I'm about to have to look into my own wiper motor to solve its slowness and now not-working-at-all-ness, but off the top of my head, here's a few things to look into

If you have an intermittent setting, do the wipers pause at the top or bottom of the travel?
Did you install the "rack" large gear in the same position as it was when you removed the dead motor (motor drive worm, worm turns large gear [what i'm calling a rack]) and there's some contacts for start/end of travel.

Motor wires could be flipped so motor turns the wrong way each time but since end stops are hit appropriately it still covers the correct pathing.
 
You can do it in situ. Remove the nut holding the arm to the motor, rotate the arm 180? and reinstall.
 
FIXED!

Incorrect position of the arm that connects to the motor. Honestly I think it was a mix of incorrect install + bad relay . New relay didn't fix problem because install was wonky. Now relay is good & linkage sorted out. Thanks !
 
*** the reason I suspect the OG relay was bad is because I know I initially had a correct install of the motor arm. Yet it was still stopping at top. So I tried to manipulate the linkage which resulted in bad install. Then when I replaced the relay only half the battle was won.
 
I fixed my not-working-at-all when it was working-but-slowly before.

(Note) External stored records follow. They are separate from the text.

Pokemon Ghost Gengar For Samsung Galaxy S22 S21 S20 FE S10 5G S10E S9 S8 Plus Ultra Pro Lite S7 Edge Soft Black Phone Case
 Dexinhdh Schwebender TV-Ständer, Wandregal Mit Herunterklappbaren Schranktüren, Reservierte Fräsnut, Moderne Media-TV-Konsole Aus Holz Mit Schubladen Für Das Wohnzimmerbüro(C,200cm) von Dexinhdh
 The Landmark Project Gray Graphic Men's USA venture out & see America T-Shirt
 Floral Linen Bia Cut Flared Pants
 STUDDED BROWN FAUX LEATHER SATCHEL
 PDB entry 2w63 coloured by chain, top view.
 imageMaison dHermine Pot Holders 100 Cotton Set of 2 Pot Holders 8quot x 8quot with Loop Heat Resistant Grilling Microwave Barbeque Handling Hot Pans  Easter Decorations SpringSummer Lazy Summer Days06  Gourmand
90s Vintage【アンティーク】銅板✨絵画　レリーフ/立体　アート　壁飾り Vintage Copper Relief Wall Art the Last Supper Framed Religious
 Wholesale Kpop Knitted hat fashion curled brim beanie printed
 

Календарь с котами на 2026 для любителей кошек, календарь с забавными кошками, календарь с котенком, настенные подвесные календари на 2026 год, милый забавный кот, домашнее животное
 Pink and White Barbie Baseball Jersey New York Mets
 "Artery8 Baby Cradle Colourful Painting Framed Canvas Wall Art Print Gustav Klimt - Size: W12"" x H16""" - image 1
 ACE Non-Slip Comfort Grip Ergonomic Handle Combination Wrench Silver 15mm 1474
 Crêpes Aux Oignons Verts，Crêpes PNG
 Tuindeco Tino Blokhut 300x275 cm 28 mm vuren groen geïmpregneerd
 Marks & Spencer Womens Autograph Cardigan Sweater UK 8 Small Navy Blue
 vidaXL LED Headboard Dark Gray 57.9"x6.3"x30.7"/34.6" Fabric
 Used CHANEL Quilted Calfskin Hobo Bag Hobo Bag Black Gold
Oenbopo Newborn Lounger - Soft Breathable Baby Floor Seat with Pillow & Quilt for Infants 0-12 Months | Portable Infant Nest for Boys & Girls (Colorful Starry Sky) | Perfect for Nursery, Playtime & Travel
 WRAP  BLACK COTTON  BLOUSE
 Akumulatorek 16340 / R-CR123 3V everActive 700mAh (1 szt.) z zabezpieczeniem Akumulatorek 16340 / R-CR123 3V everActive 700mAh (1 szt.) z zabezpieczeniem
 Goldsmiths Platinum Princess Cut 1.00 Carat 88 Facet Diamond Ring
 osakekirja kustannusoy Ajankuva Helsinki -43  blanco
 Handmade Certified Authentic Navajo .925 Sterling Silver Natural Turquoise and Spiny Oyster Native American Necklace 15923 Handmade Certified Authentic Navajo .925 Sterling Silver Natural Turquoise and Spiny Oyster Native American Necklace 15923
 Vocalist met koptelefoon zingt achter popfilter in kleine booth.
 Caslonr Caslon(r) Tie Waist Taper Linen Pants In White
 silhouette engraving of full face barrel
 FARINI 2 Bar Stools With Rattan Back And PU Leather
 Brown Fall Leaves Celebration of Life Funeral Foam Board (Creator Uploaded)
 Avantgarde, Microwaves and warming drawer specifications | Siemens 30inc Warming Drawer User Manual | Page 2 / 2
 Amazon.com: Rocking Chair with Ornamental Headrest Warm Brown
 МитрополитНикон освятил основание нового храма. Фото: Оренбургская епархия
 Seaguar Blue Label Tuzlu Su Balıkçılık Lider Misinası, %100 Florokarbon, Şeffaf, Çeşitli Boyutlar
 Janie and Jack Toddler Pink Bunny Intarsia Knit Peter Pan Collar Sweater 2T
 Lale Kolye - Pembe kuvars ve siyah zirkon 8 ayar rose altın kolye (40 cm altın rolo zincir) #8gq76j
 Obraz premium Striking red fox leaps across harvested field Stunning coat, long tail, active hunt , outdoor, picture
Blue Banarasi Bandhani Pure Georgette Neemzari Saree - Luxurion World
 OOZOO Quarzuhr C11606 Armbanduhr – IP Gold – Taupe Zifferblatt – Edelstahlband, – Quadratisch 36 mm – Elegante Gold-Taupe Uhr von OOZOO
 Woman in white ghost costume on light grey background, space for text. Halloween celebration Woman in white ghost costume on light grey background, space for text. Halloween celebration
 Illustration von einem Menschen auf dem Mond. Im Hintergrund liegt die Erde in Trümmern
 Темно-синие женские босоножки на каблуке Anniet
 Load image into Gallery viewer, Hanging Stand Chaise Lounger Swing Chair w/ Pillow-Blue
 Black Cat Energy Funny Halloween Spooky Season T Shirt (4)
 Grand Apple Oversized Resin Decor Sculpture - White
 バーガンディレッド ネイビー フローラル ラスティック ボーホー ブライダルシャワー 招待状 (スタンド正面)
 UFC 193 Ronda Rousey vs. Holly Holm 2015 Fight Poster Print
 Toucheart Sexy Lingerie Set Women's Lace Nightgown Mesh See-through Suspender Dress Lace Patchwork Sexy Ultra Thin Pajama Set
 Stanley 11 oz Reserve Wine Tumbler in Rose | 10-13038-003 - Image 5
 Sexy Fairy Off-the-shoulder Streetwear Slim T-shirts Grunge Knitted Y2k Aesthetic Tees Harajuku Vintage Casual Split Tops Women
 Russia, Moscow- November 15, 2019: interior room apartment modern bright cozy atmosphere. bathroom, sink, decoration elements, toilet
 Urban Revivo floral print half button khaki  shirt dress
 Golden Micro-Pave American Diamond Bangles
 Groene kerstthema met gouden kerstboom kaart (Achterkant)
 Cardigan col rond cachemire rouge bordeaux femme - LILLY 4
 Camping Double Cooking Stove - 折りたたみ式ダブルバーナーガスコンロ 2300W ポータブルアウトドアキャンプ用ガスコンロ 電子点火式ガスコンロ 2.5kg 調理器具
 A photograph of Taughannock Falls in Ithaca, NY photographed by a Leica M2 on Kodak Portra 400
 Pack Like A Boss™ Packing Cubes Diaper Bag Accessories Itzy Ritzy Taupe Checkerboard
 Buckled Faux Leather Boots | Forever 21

When I was trying to remove it to take inside to look it over I had undone all the bolts including the one with the ground strap. When I drove it back in, it must have gotten a rust on rust connection and had a resistance in a MOhm range. I pulled it out, brushed it down, tried to brush in the hole some, put it back in and now have ~5Ohms. Ideally I'd get to sub 1Ohm but I'd probably need a narrow metal bristle brush OR to reroute the ground to a less rusty position. Still don't have phenomenal speed, but it's working again, so that's good. I did also brush the fuse and fuse holder to get the resistance there down quite a lot.

I also noticed that when I had taken the top cover off I had moved the plug block and the 3 arms were not each in their own groove which would have caused problems with range of motion.

For the future (when I want to fully remove the wiper motor assembly to clean or replace it), how would I take off the clips that hold it to the motion arms? I wasn't quite sure how the spring clip grabs on it. Do I need those weird pin pliers?